§ ABOUT THIS EXERCISE:
Leave out the pictures and return every entry exactly as it appears.

[Web page caption snippets]
########
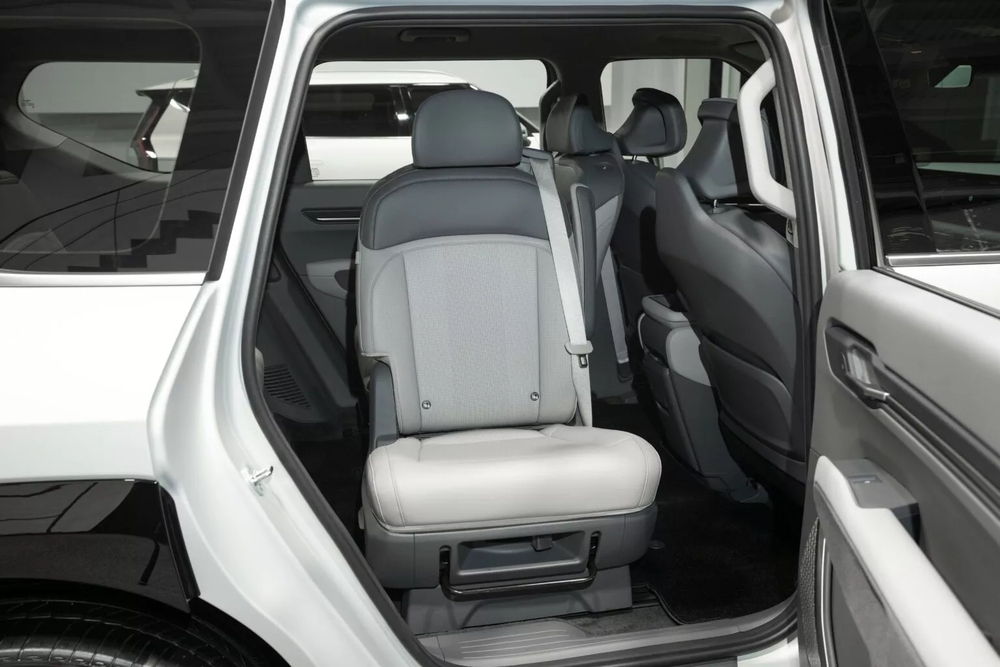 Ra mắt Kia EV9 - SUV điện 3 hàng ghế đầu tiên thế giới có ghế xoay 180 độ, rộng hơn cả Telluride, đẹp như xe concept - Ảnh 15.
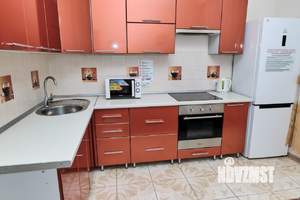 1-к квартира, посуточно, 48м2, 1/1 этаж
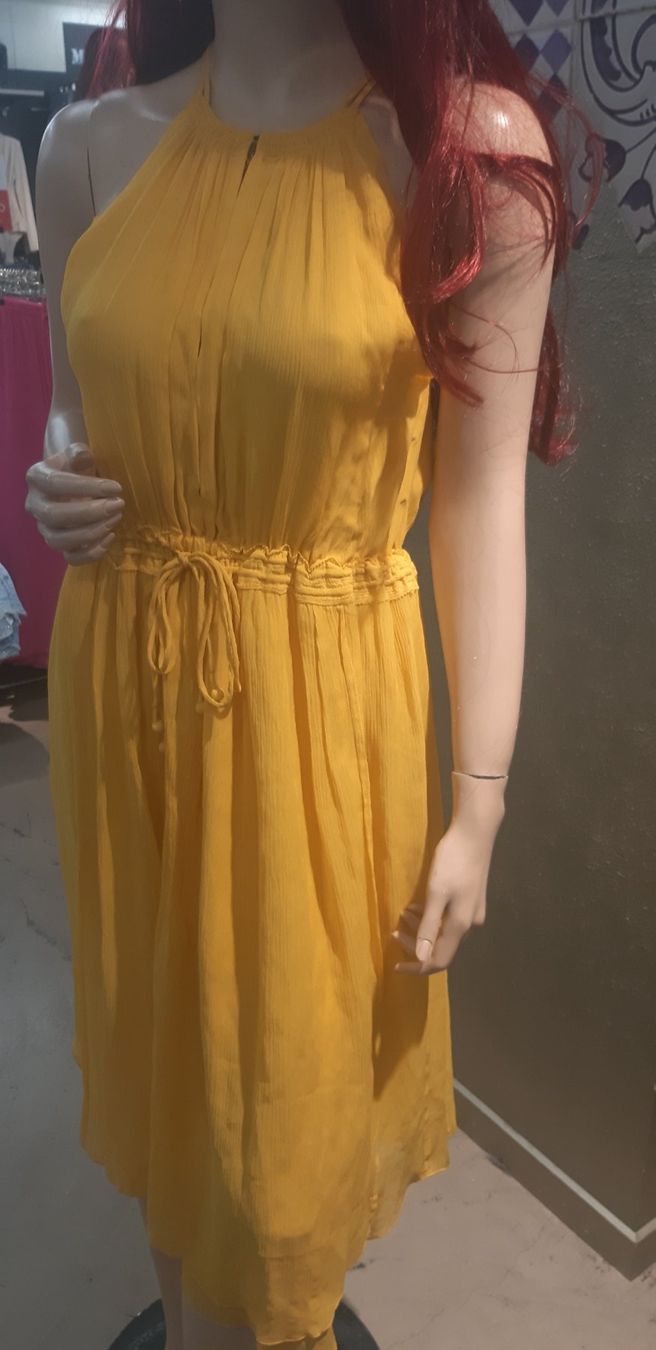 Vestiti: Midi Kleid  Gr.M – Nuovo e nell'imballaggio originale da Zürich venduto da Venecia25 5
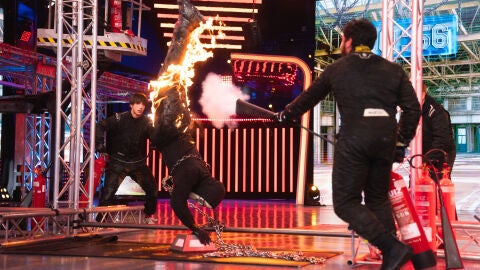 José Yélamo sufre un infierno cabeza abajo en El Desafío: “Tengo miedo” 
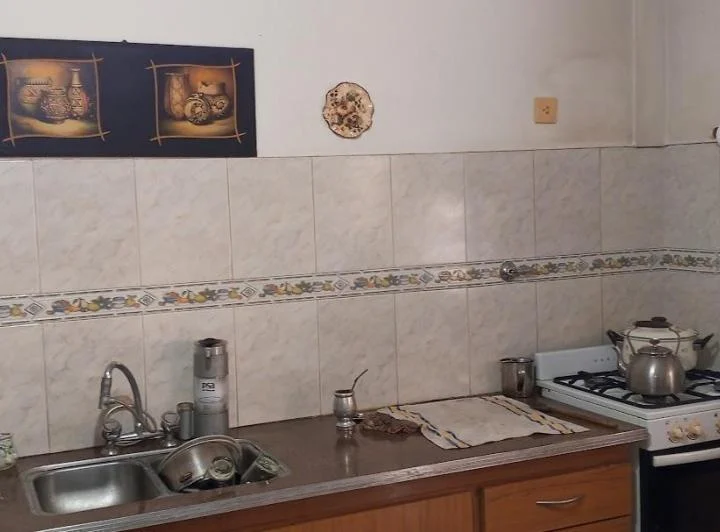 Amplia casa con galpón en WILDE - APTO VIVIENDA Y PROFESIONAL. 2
########
§ THE COMPLETED TASK:
 Ra mắt Kia EV9 - SUV điện 3 hàng ghế đầu tiên thế giới có ghế xoay 180 độ, rộng hơn cả Telluride, đẹp như xe concept - Ảnh 15.
 1-к квартира, посуточно, 48м2, 1/1 этаж
 Vestiti: Midi Kleid  Gr.M – Nuovo e nell'imballaggio originale da Zürich venduto da Venecia25 5
 José Yélamo sufre un infierno cabeza abajo en El Desafío: “Tengo miedo” 
 Amplia casa con galpón en WILDE - APTO VIVIENDA Y PROFESIONAL. 2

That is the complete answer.